→ **What you need to do**:
Transcribe the records below exactly as they appear.

→ **Records supplied**:

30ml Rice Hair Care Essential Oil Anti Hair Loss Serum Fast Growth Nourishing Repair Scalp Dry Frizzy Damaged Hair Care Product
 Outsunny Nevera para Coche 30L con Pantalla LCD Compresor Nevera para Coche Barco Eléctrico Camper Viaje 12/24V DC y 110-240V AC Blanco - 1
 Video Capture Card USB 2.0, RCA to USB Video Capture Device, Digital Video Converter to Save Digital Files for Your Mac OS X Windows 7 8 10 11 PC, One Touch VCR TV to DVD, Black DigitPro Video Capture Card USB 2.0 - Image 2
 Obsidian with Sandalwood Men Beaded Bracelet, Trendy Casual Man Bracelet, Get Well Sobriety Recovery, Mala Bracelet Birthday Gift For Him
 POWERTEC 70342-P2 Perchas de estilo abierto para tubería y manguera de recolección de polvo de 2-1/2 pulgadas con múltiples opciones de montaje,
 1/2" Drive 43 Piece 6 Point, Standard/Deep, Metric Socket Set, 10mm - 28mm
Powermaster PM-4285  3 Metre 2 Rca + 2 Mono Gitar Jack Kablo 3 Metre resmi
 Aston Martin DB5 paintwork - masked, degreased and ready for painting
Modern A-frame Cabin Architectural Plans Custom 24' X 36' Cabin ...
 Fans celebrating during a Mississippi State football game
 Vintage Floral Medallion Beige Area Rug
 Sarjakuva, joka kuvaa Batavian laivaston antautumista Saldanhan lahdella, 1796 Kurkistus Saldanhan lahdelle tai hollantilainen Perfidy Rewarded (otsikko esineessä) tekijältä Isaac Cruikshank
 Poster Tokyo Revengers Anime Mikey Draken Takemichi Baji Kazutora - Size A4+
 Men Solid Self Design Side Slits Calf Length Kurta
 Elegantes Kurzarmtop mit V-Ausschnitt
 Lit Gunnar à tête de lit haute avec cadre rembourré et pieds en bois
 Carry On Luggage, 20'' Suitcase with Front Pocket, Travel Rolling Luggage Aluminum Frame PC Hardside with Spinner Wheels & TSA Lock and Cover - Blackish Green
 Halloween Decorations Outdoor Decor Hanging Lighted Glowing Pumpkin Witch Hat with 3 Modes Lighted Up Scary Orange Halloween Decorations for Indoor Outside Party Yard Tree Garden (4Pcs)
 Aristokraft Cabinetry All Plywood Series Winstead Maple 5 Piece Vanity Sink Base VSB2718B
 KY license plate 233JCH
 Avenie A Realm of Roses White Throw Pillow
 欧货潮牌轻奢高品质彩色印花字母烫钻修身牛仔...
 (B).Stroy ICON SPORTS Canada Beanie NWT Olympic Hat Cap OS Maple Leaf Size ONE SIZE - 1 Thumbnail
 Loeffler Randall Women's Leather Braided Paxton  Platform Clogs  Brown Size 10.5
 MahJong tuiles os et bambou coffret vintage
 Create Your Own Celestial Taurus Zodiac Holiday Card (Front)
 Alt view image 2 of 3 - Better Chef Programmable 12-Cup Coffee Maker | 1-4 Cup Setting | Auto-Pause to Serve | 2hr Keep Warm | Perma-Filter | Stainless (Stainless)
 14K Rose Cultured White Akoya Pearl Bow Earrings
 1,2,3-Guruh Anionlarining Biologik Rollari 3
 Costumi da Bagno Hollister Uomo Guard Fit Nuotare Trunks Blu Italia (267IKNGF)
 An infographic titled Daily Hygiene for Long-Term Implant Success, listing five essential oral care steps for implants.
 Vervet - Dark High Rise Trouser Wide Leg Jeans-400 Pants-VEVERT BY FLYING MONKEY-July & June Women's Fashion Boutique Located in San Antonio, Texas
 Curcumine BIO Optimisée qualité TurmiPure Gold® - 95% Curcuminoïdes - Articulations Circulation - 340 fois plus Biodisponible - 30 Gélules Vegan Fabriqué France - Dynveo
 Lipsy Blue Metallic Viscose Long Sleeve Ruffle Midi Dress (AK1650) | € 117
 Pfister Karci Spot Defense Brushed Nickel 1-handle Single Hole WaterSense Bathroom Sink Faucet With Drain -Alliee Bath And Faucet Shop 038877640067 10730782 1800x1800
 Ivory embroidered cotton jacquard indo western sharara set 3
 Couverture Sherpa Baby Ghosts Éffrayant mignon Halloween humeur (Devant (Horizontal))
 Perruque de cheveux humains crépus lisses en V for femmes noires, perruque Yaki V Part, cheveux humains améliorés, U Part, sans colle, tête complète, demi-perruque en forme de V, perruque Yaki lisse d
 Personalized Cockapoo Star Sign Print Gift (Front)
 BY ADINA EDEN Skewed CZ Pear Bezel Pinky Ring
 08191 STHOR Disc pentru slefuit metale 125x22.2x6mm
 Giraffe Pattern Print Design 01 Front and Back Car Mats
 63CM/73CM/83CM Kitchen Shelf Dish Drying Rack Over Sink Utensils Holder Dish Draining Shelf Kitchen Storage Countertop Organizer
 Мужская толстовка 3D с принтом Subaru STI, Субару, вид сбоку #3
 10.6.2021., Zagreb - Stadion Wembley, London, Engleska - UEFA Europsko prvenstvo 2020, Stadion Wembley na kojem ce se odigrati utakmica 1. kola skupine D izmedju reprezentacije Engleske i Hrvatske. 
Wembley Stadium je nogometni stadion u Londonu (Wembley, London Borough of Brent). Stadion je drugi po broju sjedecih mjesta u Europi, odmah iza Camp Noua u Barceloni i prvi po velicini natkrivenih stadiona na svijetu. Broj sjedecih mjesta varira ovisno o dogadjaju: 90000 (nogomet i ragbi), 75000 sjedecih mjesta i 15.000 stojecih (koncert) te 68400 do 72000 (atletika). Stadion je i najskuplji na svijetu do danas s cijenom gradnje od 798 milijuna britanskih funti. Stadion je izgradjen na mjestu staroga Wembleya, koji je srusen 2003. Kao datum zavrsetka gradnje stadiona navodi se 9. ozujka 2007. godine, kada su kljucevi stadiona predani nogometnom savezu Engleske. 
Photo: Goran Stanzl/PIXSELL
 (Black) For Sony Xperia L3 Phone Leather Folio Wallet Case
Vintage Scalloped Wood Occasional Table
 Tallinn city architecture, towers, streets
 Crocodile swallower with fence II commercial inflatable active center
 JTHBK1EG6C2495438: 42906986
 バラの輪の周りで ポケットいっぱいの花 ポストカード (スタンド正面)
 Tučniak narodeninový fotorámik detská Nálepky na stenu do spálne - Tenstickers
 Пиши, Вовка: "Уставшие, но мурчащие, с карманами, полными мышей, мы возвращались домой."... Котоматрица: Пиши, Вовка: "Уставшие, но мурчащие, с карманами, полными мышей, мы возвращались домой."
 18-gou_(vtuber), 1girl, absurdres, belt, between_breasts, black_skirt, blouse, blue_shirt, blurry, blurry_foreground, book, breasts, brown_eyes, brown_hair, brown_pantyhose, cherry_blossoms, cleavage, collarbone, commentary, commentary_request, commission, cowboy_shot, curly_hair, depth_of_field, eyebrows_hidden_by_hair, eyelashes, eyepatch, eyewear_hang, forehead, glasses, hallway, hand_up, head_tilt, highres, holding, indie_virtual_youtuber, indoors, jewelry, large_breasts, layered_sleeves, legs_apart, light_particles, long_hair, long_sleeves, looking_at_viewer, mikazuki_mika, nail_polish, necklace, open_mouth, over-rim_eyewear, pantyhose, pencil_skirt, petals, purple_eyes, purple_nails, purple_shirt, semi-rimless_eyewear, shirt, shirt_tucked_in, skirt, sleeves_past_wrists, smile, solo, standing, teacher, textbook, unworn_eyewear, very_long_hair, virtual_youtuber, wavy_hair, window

→ **Solution**:
30ml Rice Hair Care Essential Oil Anti Hair Loss Serum Fast Growth Nourishing Repair Scalp Dry Frizzy Damaged Hair Care Product
 Outsunny Nevera para Coche 30L con Pantalla LCD Compresor Nevera para Coche Barco Eléctrico Camper Viaje 12/24V DC y 110-240V AC Blanco - 1
 Video Capture Card USB 2.0, RCA to USB Video Capture Device, Digital Video Converter to Save Digital Files for Your Mac OS X Windows 7 8 10 11 PC, One Touch VCR TV to DVD, Black DigitPro Video Capture Card USB 2.0 - Image 2
 Obsidian with Sandalwood Men Beaded Bracelet, Trendy Casual Man Bracelet, Get Well Sobriety Recovery, Mala Bracelet Birthday Gift For Him
 POWERTEC 70342-P2 Perchas de estilo abierto para tubería y manguera de recolección de polvo de 2-1/2 pulgadas con múltiples opciones de montaje,
 1/2" Drive 43 Piece 6 Point, Standard/Deep, Metric Socket Set, 10mm - 28mm
Powermaster PM-4285  3 Metre 2 Rca + 2 Mono Gitar Jack Kablo 3 Metre resmi
 Aston Martin DB5 paintwork - masked, degreased and ready for painting
Modern A-frame Cabin Architectural Plans Custom 24' X 36' Cabin ...
 Fans celebrating during a Mississippi State football game
 Vintage Floral Medallion Beige Area Rug
 Sarjakuva, joka kuvaa Batavian laivaston antautumista Saldanhan lahdella, 1796 Kurkistus Saldanhan lahdelle tai hollantilainen Perfidy Rewarded (otsikko esineessä) tekijältä Isaac Cruikshank
 Poster Tokyo Revengers Anime Mikey Draken Takemichi Baji Kazutora - Size A4+
 Men Solid Self Design Side Slits Calf Length Kurta
 Elegantes Kurzarmtop mit V-Ausschnitt
 Lit Gunnar à tête de lit haute avec cadre rembourré et pieds en bois
 Carry On Luggage, 20'' Suitcase with Front Pocket, Travel Rolling Luggage Aluminum Frame PC Hardside with Spinner Wheels & TSA Lock and Cover - Blackish Green
 Halloween Decorations Outdoor Decor Hanging Lighted Glowing Pumpkin Witch Hat with 3 Modes Lighted Up Scary Orange Halloween Decorations for Indoor Outside Party Yard Tree Garden (4Pcs)
 Aristokraft Cabinetry All Plywood Series Winstead Maple 5 Piece Vanity Sink Base VSB2718B
 KY license plate 233JCH
 Avenie A Realm of Roses White Throw Pillow
 欧货潮牌轻奢高品质彩色印花字母烫钻修身牛仔...
 (B).Stroy ICON SPORTS Canada Beanie NWT Olympic Hat Cap OS Maple Leaf Size ONE SIZE - 1 Thumbnail
 Loeffler Randall Women's Leather Braided Paxton  Platform Clogs  Brown Size 10.5
 MahJong tuiles os et bambou coffret vintage
 Create Your Own Celestial Taurus Zodiac Holiday Card (Front)
 Alt view image 2 of 3 - Better Chef Programmable 12-Cup Coffee Maker | 1-4 Cup Setting | Auto-Pause to Serve | 2hr Keep Warm | Perma-Filter | Stainless (Stainless)
 14K Rose Cultured White Akoya Pearl Bow Earrings
 1,2,3-Guruh Anionlarining Biologik Rollari 3
 Costumi da Bagno Hollister Uomo Guard Fit Nuotare Trunks Blu Italia (267IKNGF)
 An infographic titled Daily Hygiene for Long-Term Implant Success, listing five essential oral care steps for implants.
 Vervet - Dark High Rise Trouser Wide Leg Jeans-400 Pants-VEVERT BY FLYING MONKEY-July & June Women's Fashion Boutique Located in San Antonio, Texas
 Curcumine BIO Optimisée qualité TurmiPure Gold® - 95% Curcuminoïdes - Articulations Circulation - 340 fois plus Biodisponible - 30 Gélules Vegan Fabriqué France - Dynveo
 Lipsy Blue Metallic Viscose Long Sleeve Ruffle Midi Dress (AK1650) | € 117
 Pfister Karci Spot Defense Brushed Nickel 1-handle Single Hole WaterSense Bathroom Sink Faucet With Drain -Alliee Bath And Faucet Shop 038877640067 10730782 1800x1800
 Ivory embroidered cotton jacquard indo western sharara set 3
 Couverture Sherpa Baby Ghosts Éffrayant mignon Halloween humeur (Devant (Horizontal))
 Perruque de cheveux humains crépus lisses en V for femmes noires, perruque Yaki V Part, cheveux humains améliorés, U Part, sans colle, tête complète, demi-perruque en forme de V, perruque Yaki lisse d
 Personalized Cockapoo Star Sign Print Gift (Front)
 BY ADINA EDEN Skewed CZ Pear Bezel Pinky Ring
 08191 STHOR Disc pentru slefuit metale 125x22.2x6mm
 Giraffe Pattern Print Design 01 Front and Back Car Mats
 63CM/73CM/83CM Kitchen Shelf Dish Drying Rack Over Sink Utensils Holder Dish Draining Shelf Kitchen Storage Countertop Organizer
 Мужская толстовка 3D с принтом Subaru STI, Субару, вид сбоку #3
 10.6.2021., Zagreb - Stadion Wembley, London, Engleska - UEFA Europsko prvenstvo 2020, Stadion Wembley na kojem ce se odigrati utakmica 1. kola skupine D izmedju reprezentacije Engleske i Hrvatske. 
Wembley Stadium je nogometni stadion u Londonu (Wembley, London Borough of Brent). Stadion je drugi po broju sjedecih mjesta u Europi, odmah iza Camp Noua u Barceloni i prvi po velicini natkrivenih stadiona na svijetu. Broj sjedecih mjesta varira ovisno o dogadjaju: 90000 (nogomet i ragbi), 75000 sjedecih mjesta i 15.000 stojecih (koncert) te 68400 do 72000 (atletika). Stadion je i najskuplji na svijetu do danas s cijenom gradnje od 798 milijuna britanskih funti. Stadion je izgradjen na mjestu staroga Wembleya, koji je srusen 2003. Kao datum zavrsetka gradnje stadiona navodi se 9. ozujka 2007. godine, kada su kljucevi stadiona predani nogometnom savezu Engleske. 
Photo: Goran Stanzl/PIXSELL
 (Black) For Sony Xperia L3 Phone Leather Folio Wallet Case
Vintage Scalloped Wood Occasional Table
 Tallinn city architecture, towers, streets
 Crocodile swallower with fence II commercial inflatable active center
 JTHBK1EG6C2495438: 42906986
 バラの輪の周りで ポケットいっぱいの花 ポストカード (スタンド正面)
 Tučniak narodeninový fotorámik detská Nálepky na stenu do spálne - Tenstickers
 Пиши, Вовка: "Уставшие, но мурчащие, с карманами, полными мышей, мы возвращались домой."... Котоматрица: Пиши, Вовка: "Уставшие, но мурчащие, с карманами, полными мышей, мы возвращались домой."
 18-gou_(vtuber), 1girl, absurdres, belt, between_breasts, black_skirt, blouse, blue_shirt, blurry, blurry_foreground, book, breasts, brown_eyes, brown_hair, brown_pantyhose, cherry_blossoms, cleavage, collarbone, commentary, commentary_request, commission, cowboy_shot, curly_hair, depth_of_field, eyebrows_hidden_by_hair, eyelashes, eyepatch, eyewear_hang, forehead, glasses, hallway, hand_up, head_tilt, highres, holding, indie_virtual_youtuber, indoors, jewelry, large_breasts, layered_sleeves, legs_apart, light_particles, long_hair, long_sleeves, looking_at_viewer, mikazuki_mika, nail_polish, necklace, open_mouth, over-rim_eyewear, pantyhose, pencil_skirt, petals, purple_eyes, purple_nails, purple_shirt, semi-rimless_eyewear, shirt, shirt_tucked_in, skirt, sleeves_past_wrists, smile, solo, standing, teacher, textbook, unworn_eyewear, very_long_hair, virtual_youtuber, wavy_hair, window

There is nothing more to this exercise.